Wyo. Stat. § 17-10-236

Current through the 2024 legislative session
Section 17-10-236 - Merger and consolidation
(a) Unless otherwise prohibited, cooperatives organized under the laws of this state may merge or consolidate with each other or other business entities organized under the laws of this state or another state by complying with the provisions of this section or the law of the state where the surviving or new business entity will exist.
(b) To initiate a merger or consolidation of a cooperative, a written plan of merger or consolidation shall be prepared by the board or by a committee selected by the board to prepare a plan. The plan shall state:
(i) The names of the constituent cooperatives and other business entities;
(ii) The name of the surviving or new cooperative or other business entity;
(iii) The manner and basis of converting membership or ownership interests of the constituent cooperatives or business entities into membership or ownership interests in the surviving or new cooperative or business entity;
(iv) The terms of the merger or consolidation;
(v) The proposed effect of the consolidation or merger on the members and patron members of the cooperative; and
(vi) For a consolidation, the plan shall contain the articles of the entity or organizational documents to be filed with the state in which the entity is organized.
(c) The following shall apply to notice:
(i) The board shall mail a merger or consolidation or otherwise transmit or deliver notice to each member.

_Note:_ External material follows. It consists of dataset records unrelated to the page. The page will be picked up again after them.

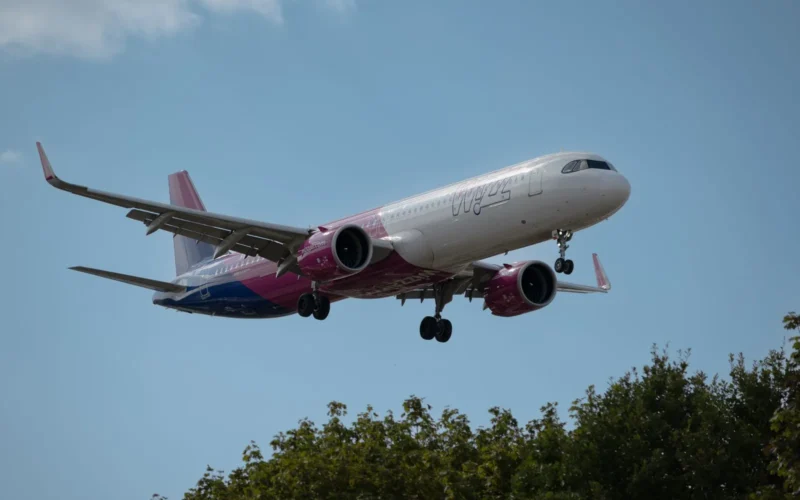 Ryanair, Wizz Air, and easyJet boarding passes side by side showing base fares and itemized add-on costs for the same London–Barcelona route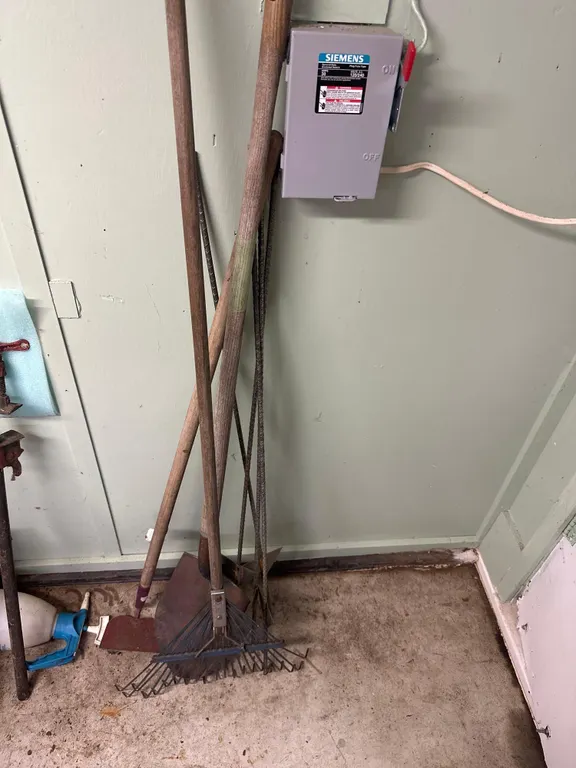 garden tools and fence posts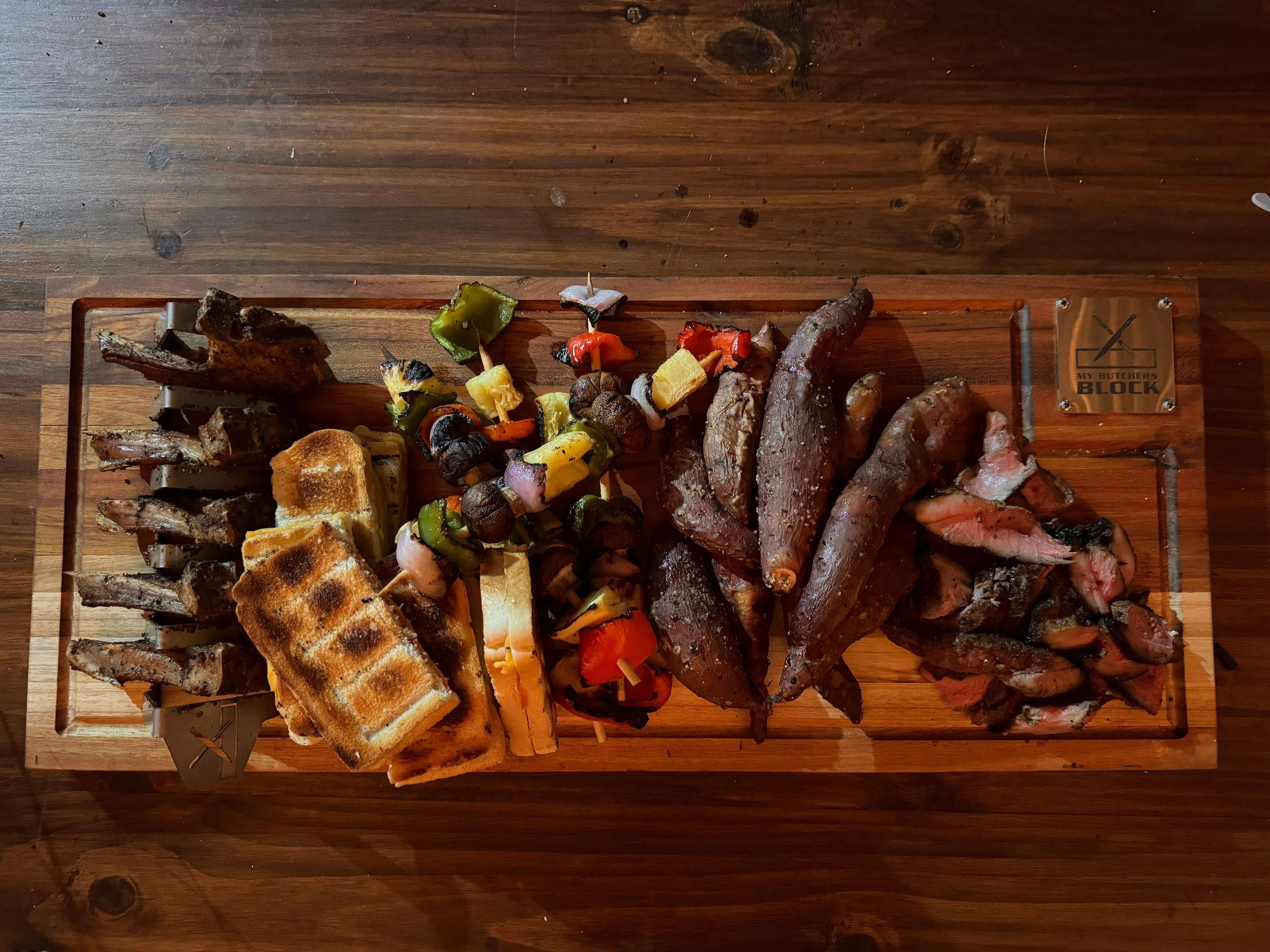 Delicious assortment of grilled meats, vegetables, and sweet potatoes on a wooden braai and slice master block.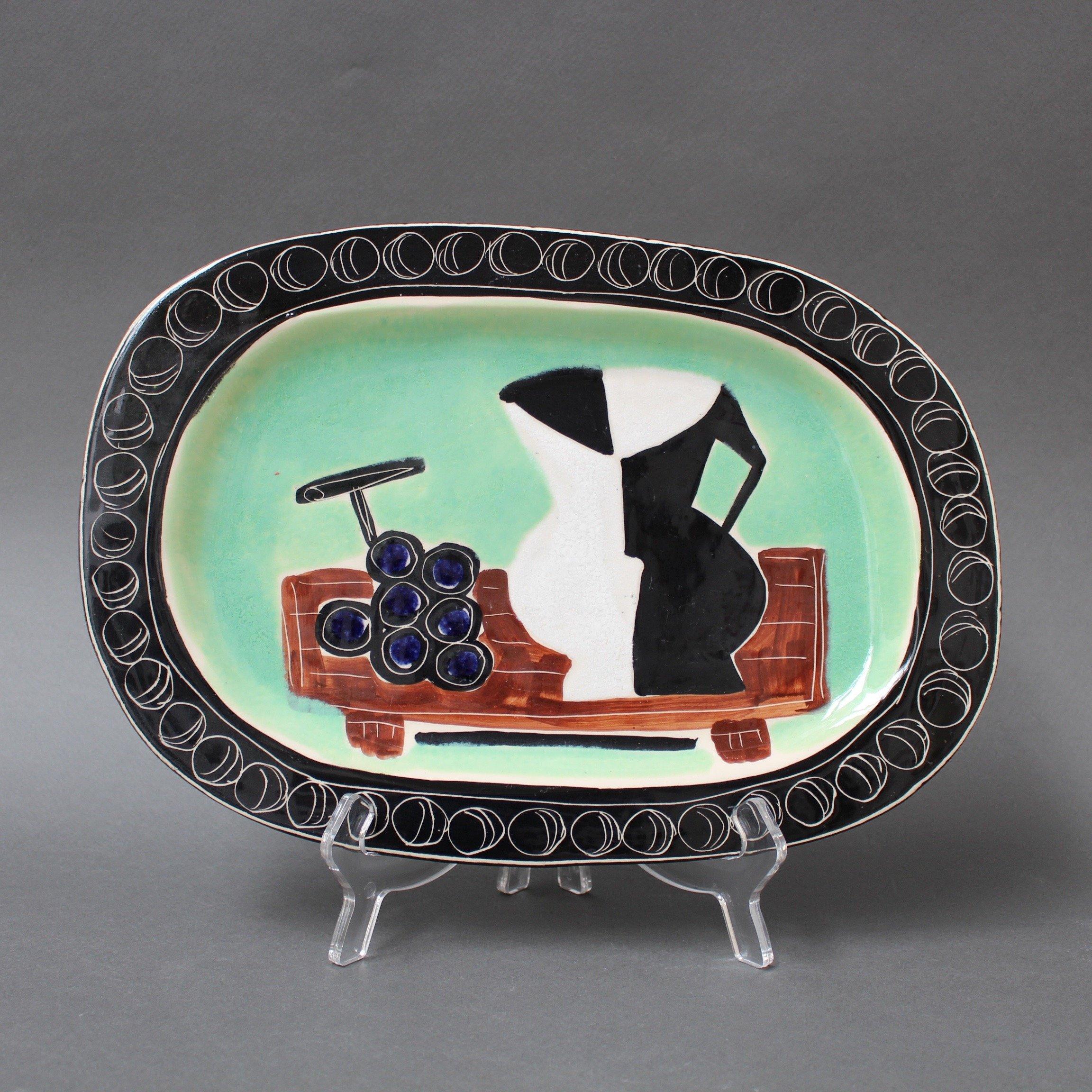 Plat décoratif en céramique Poët-Laval par Jacques Pouchain, vers les années 1950. Ce plat très rare incorpore l'image d'un pichet à vin stylisé et d'une grappe de raisin sur une table rustique, comme dans une nature morte peinte par Picasso.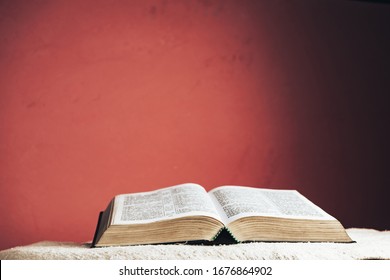 Open Holy Bible on a table. Beautiful red wall background.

The notice shall contain:
(A) The full text of the plan; and
(B) The time and place of the meeting at which the plan will be considered.
(ii) A cooperative with more than two hundred (200) members may provide the merger or consolidation notice in the same manner as a regular members' meeting notice.
(d) The following shall apply to the adoption of a plan or merger or consolidation:
(i) A plan of merger or consolidation is adopted if:
(A) A quorum of the members is registered as being present or represented by mail vote at the meeting; and
(B) The plan is approved by two-thirds (2/3) of the votes cast, or for a cooperative with articles or bylaws requiring more than two-thirds (2/3) of the votes cast or other conditions for approval, the plan is approved by a proportion of the votes cast or a number of total members as required by the articles or bylaws and the conditions for approval in the articles or bylaws have been satisfied.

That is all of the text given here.